--- THE RECORDS ---
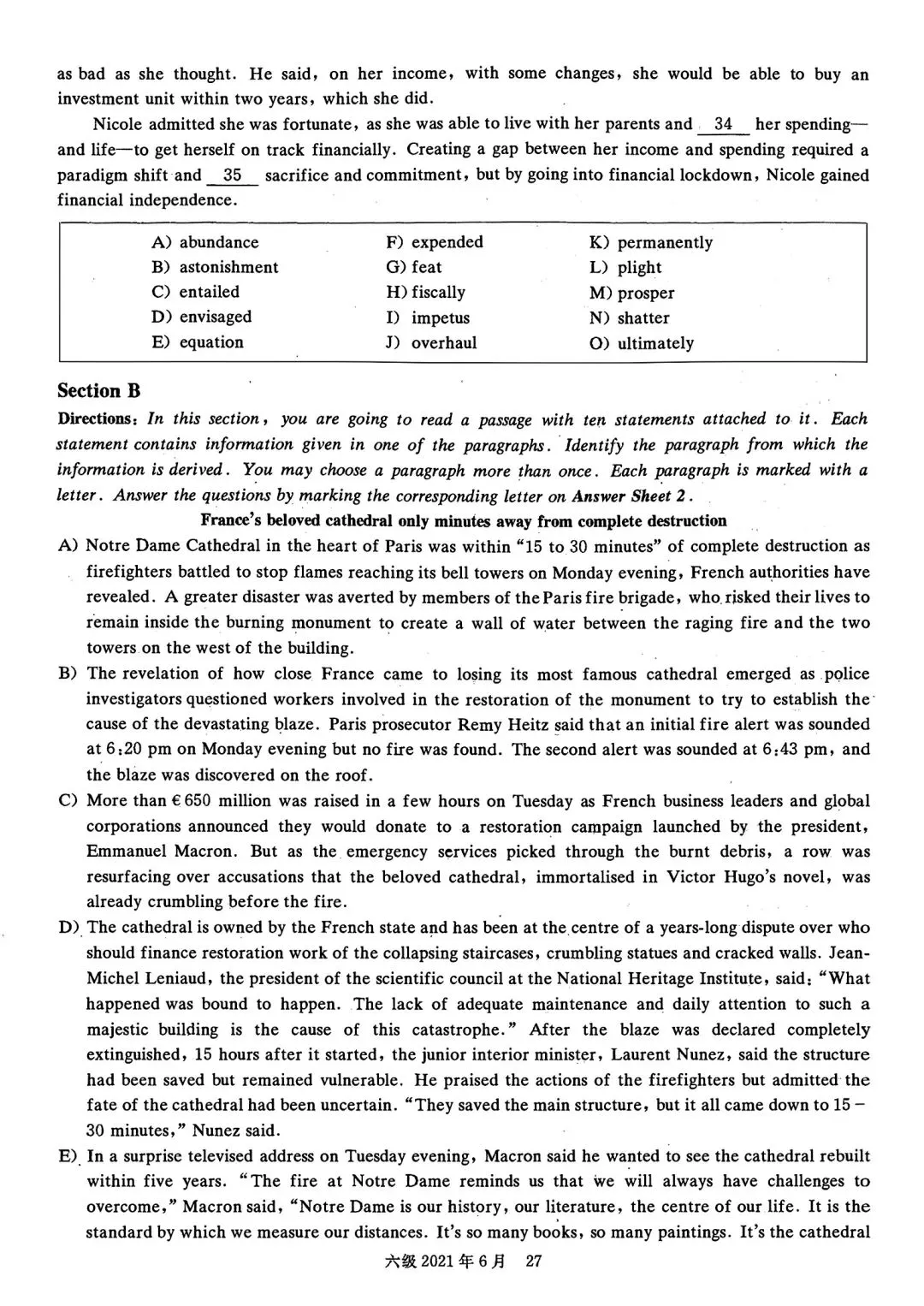 2021年6月六级真题及解析 第34张
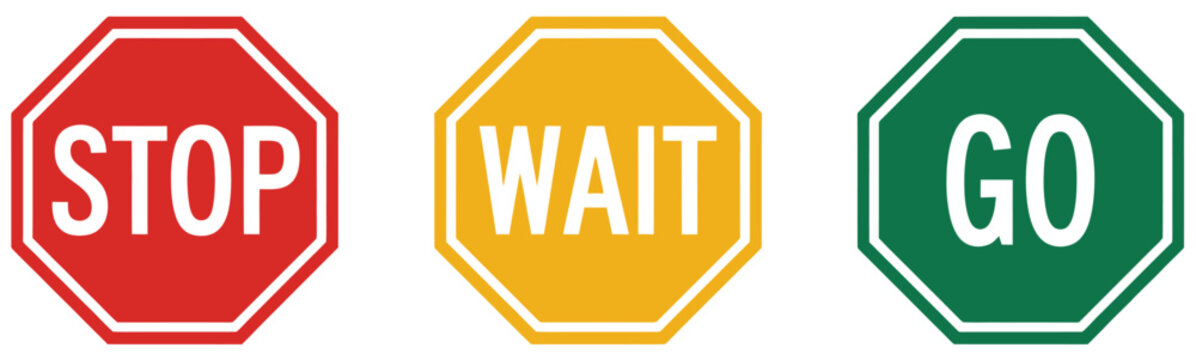 Stop wait and go sign featuring traffic signal symbols for road safety driving rules pedestrian crossing and transportation, vector design.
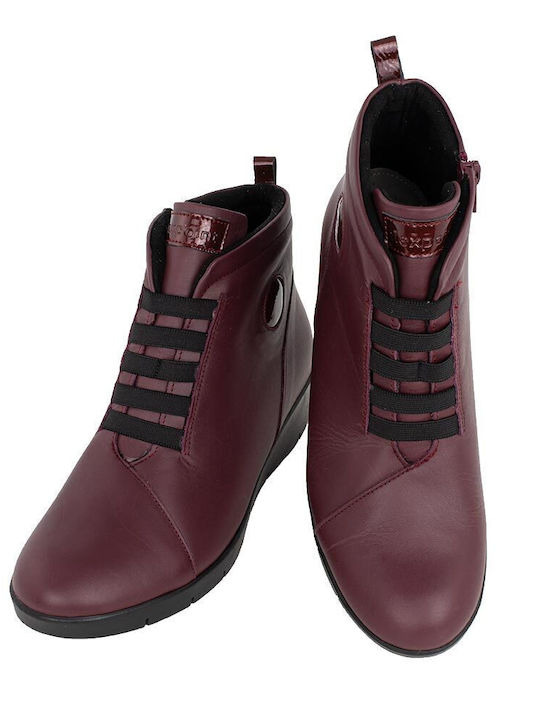 Castor Anatomic Leather Women's Ankle Boots Burgundy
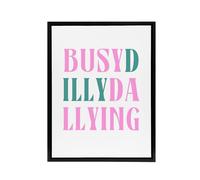 Artery8 Busy Dilly Dallying Procrastination Joke Funny Framed Canvas Art Print in White | Size: W12" x H16" Artery8 White W12" x H16"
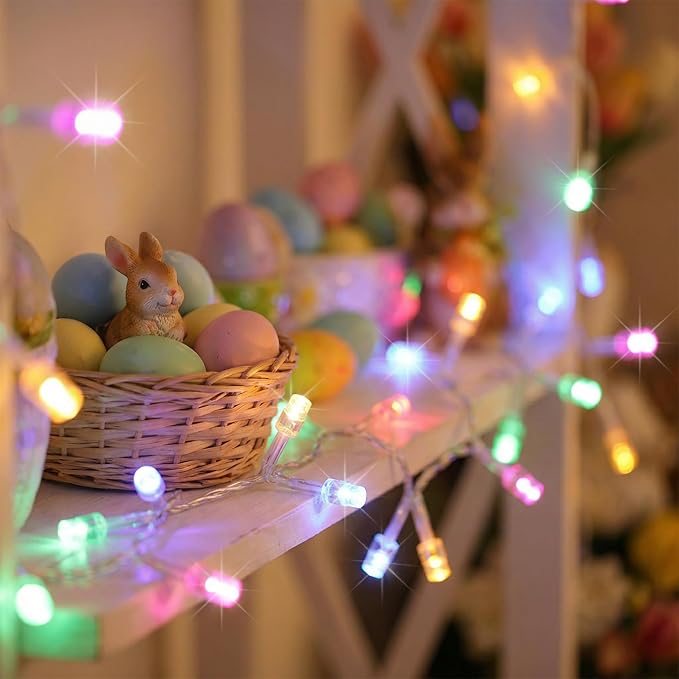 100 LED Easter Mini Lights - 33Ft Pastel Colored Connect String Light Plug in with 8 Modes, Timer, Waterproof- Fairy Christmas Lighting for Outdoor Tree Bedroom House Party Decorations - White Wire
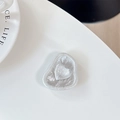Detalle de soporte para móvil con forma de corazón plateado e irregular con textura ondulada - Soporte de Anillo Irregular-Textura de Papel de Aluminio-Corazón Plateado Moteado
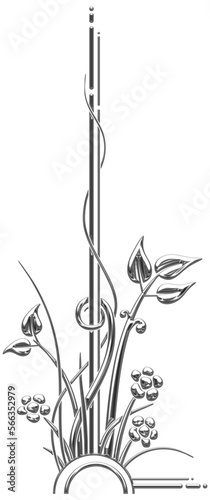 Art Deco silver symbol with flowers and leaves. Art Deco style vector illustration with silhouettes of leaves and flowers creating a border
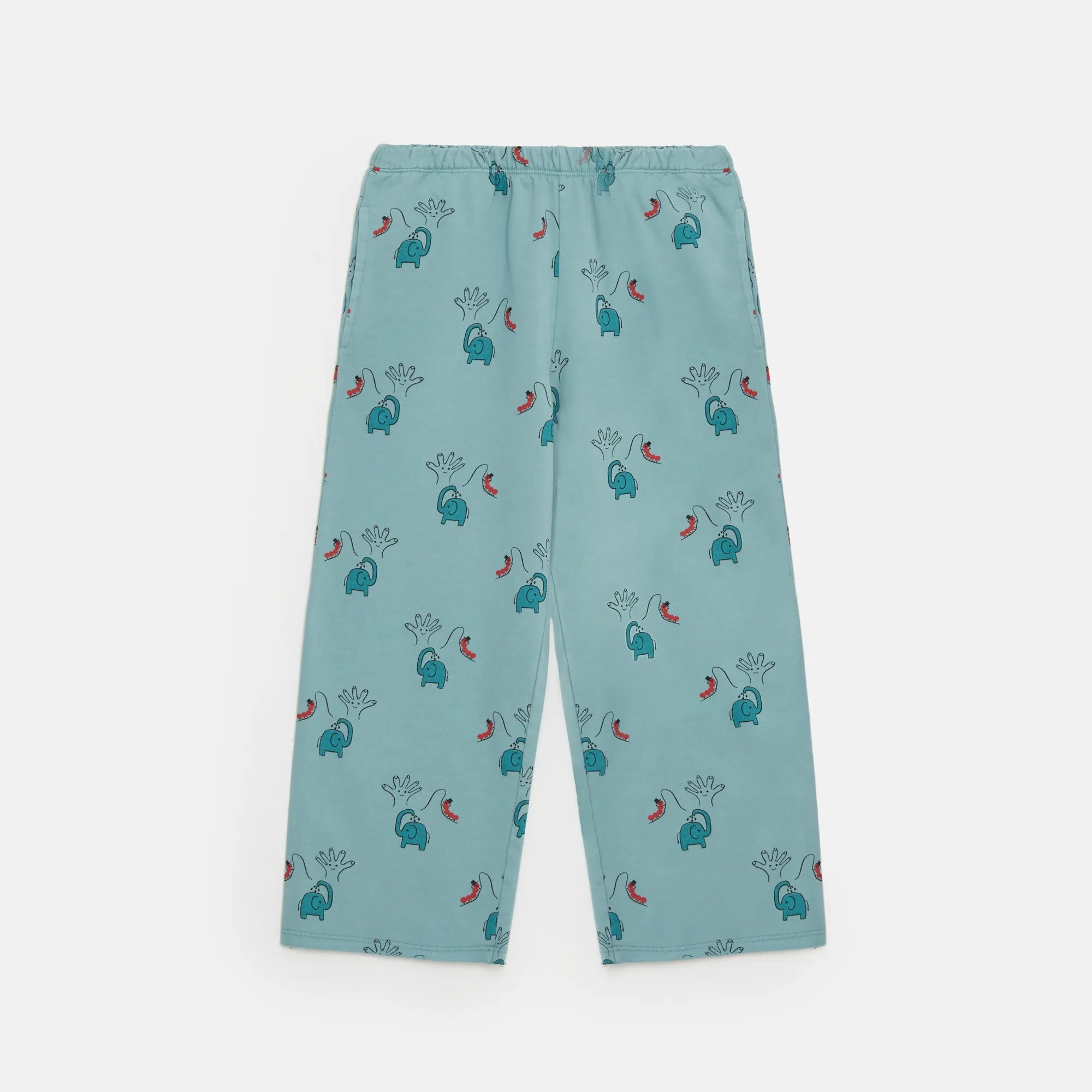 Pantaloni stampa elefanti verde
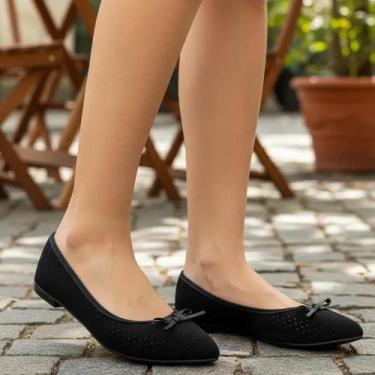 Imagem de Sapatilha Feminina Moleca Original Laço Confortável Cor:PretoTamanho:3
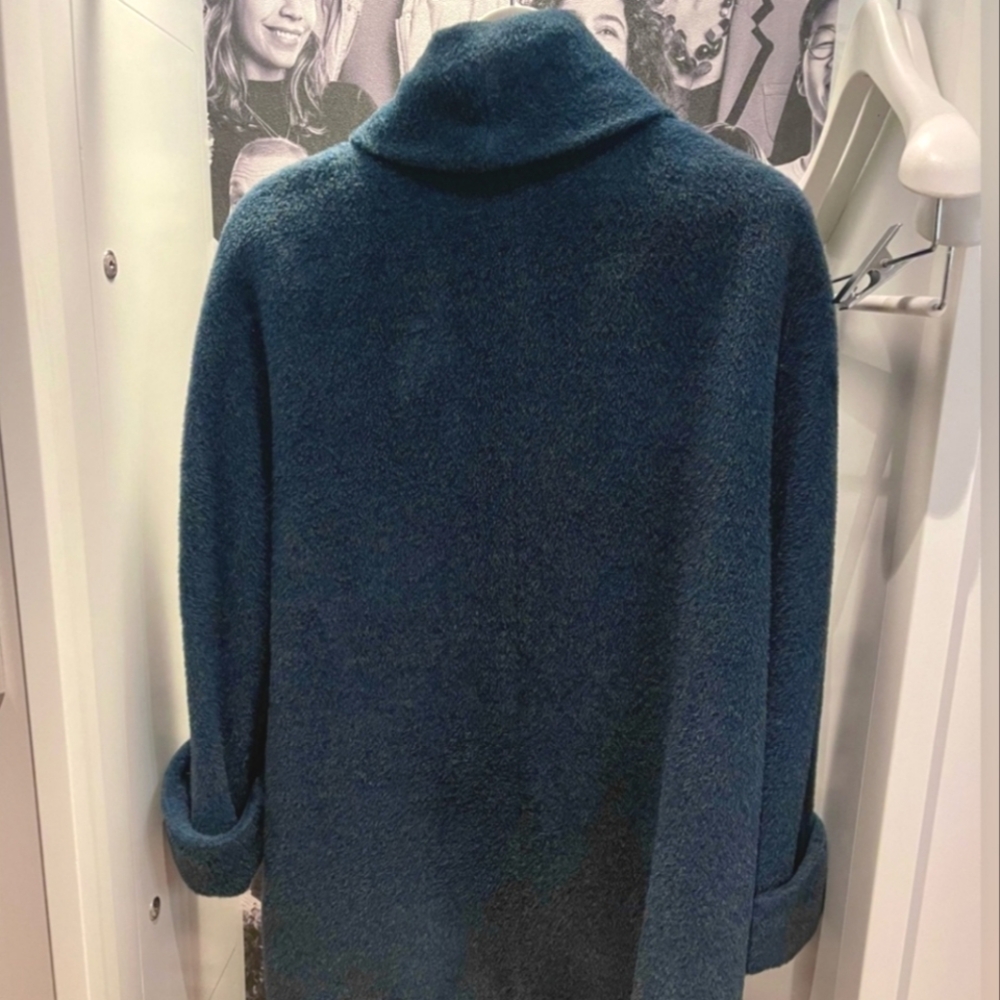 Vintage Teal Blue Alpaca Peacoat - Picture 2 of 3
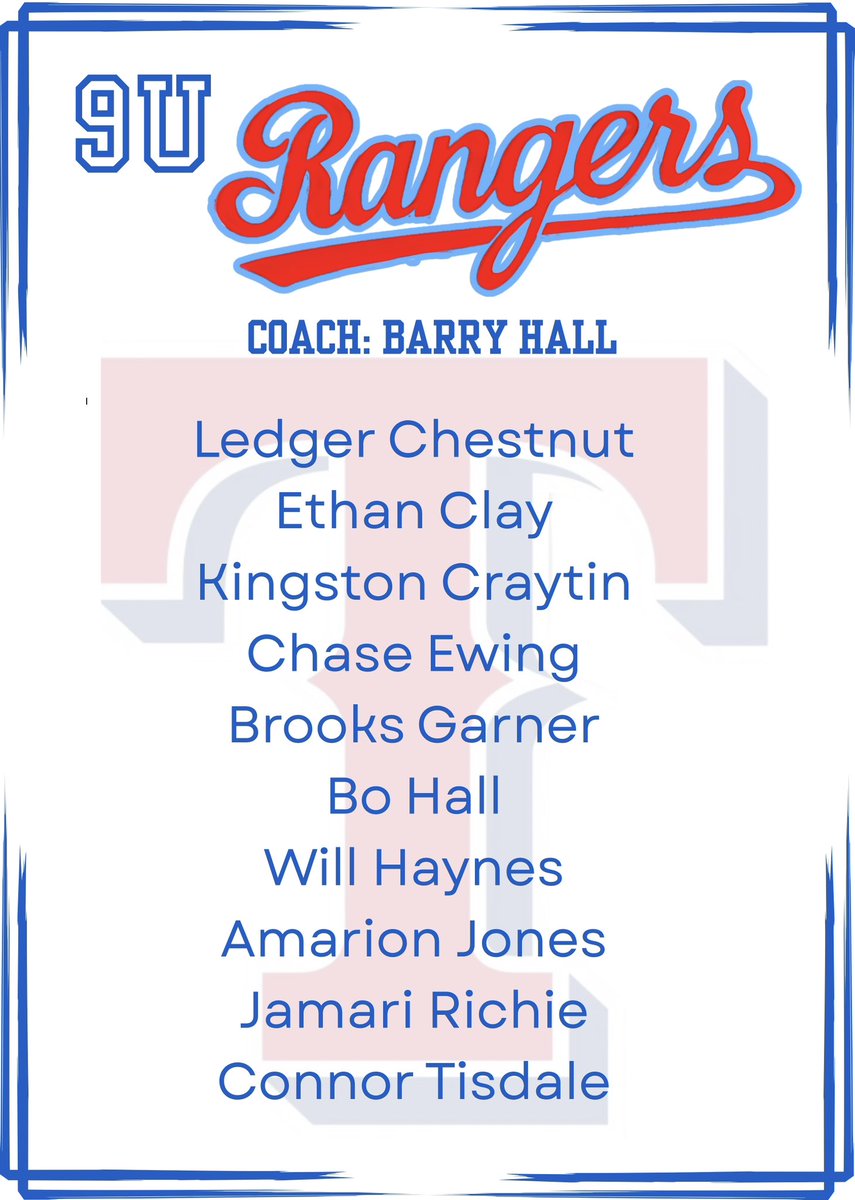 TYBABaseball's tweet image. Congratulations 2025-2026 9U Rangers!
---
* WORK ITEM: Pictures stay out. Print the data exactly, from its first line through the line containing "Castor Anatomic Leather".

* RESULT:
 2021年6月六级真题及解析 第34张
 Stop wait and go sign featuring traffic signal symbols for road safety driving rules pedestrian crossing and transportation, vector design.
 Castor Anatomic Leather Women's Ankle Boots Burgundy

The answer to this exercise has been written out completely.